Do you really have to translate "Speak the speech" as "Perform the speech"? If you can't understand "Speak the speech" then you need more help than any book can give (e.g., a very good teacher!)
Also, Shakespeare is being more exact than "no fear" here. "Perform" is too vague. Shakespeare is talking precisely about speech and pronunciation. Note how 'no fear' translates 'as I pronounced it to you' as 'as I taught you', again losing Shakespeare's stress on vocalisation, and again wrongly translating something that should be left as obvious.
'Musically and smoothly' is an even graver error. Trippingly is used in a sense that might trip up students here, so they certainly need help. But all 'no fear' does is confuse them. Does trippingly literally mean musically and smoothly? No it doesn't. If you look 'trip' up in a good concise dictionary you are given the main literal meaning that Shakespeare is using as a metaphor. That is: 'walk or dance with quick light steps'(concise OED).

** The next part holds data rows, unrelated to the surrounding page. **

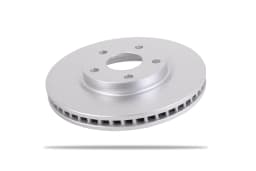 Pedders Brake Rotor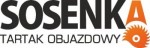 Tartak objazdowy SOSENKA
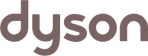 dyson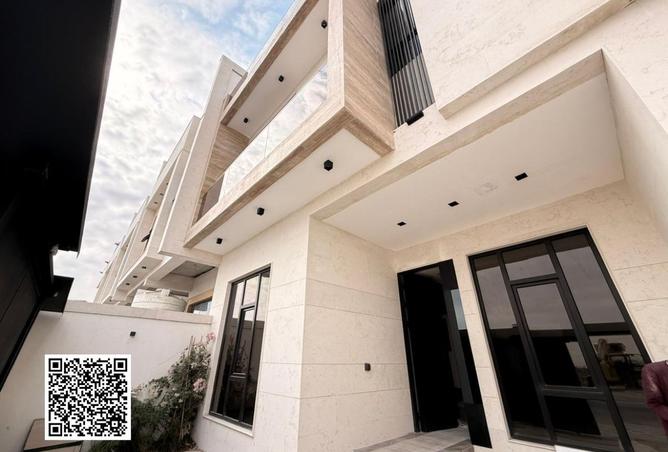 15933719 - Property Image 3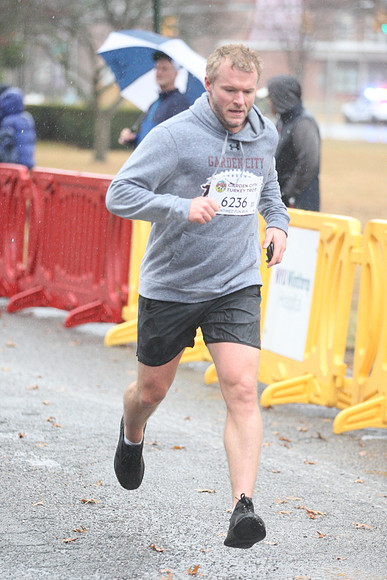FinishFunRun_0027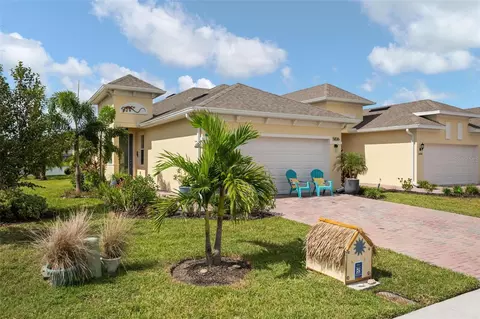 5836 Mezzana Run, Palmetto, FL 34221
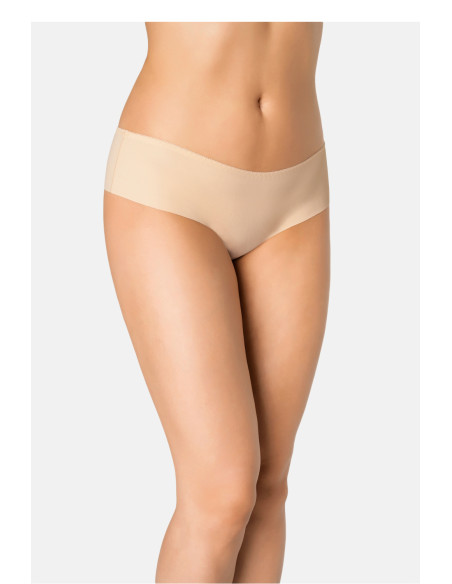 Culotte Séduisante en Coton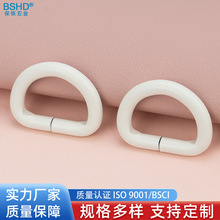 �����������F����ɫD�ֿ۰������ �����玧��۰��Ȓ�����l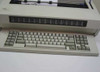 Lexmark 6789-003 IBM WheelWriter 7000 Electric Typewriter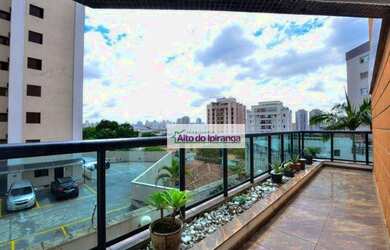 Imagem 13: Oportunidade única Lindo Apartamento na região do Ipiranga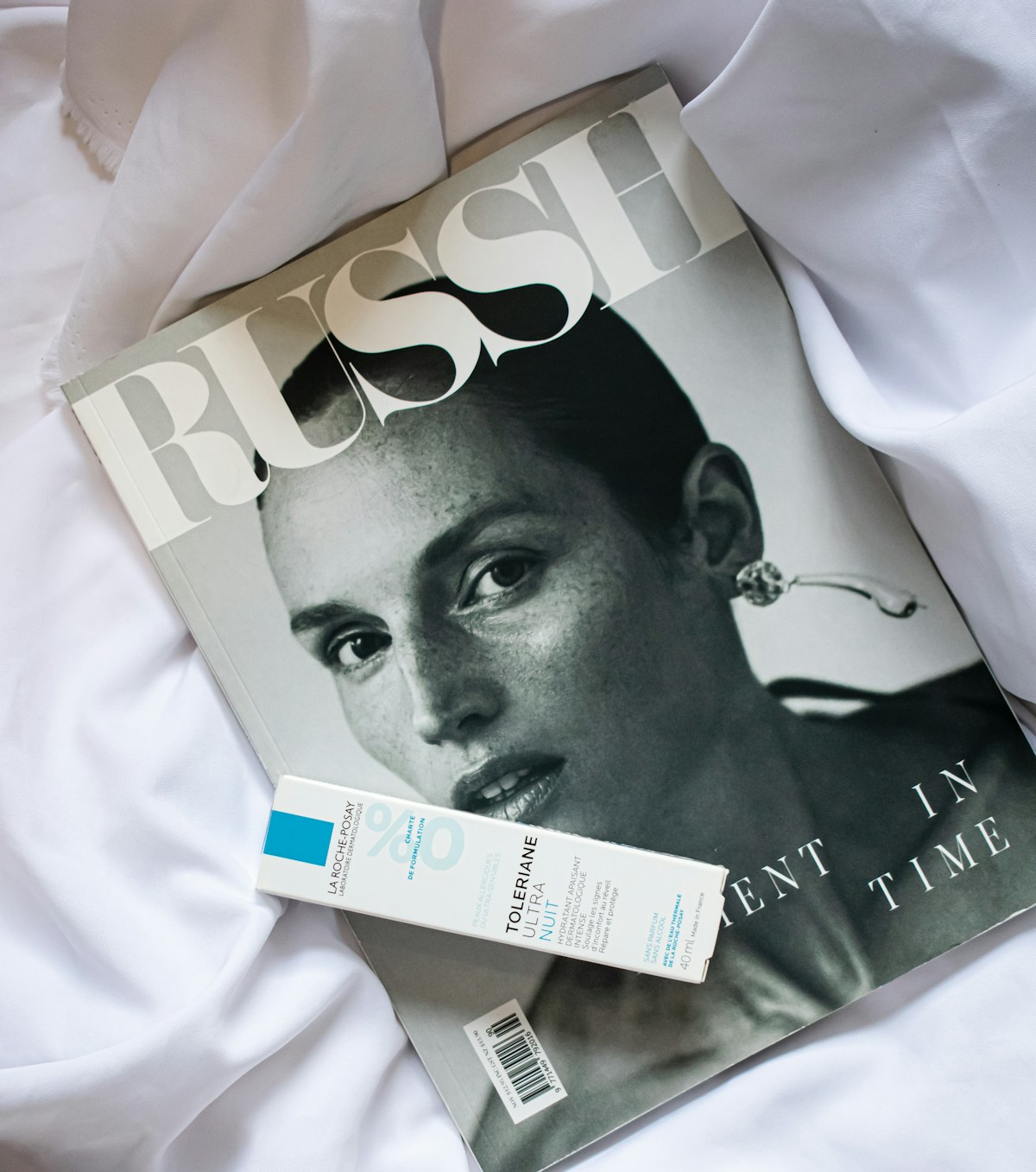 Bakuchiol vs Retinol in Korean Skincare: Which Anti-Aging Ingredient Wins?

Then again, although this is the main meaning, Hamlet might be joking with the player. That is, using both (or all 10!) meanings of 'trip' in a multiple metaphor. But I digress, one meaning will do for the first run through in a 'non-honours' class.
But 'no fear' will do for no one.
Shakespeare is hard. Students need help. But not this kind of help.
Check out the "Oxford School Shakespeare" series to see a better approach. If you like a more "adult", and more lightly annotated, text then try the RSC Shakespeare version edited by Jonathan Bate. If you want heavyweight commentary then Arden might be best (though Oxford UP and Cambridge UP also publish detailed versions worth looking at.)
I gave an extra star for the attempt to make Shakespeare a smoother read for the general reader and school child. This is something that publishers should certainly attempt. It is certainly needed. But this isn't a very good attempt.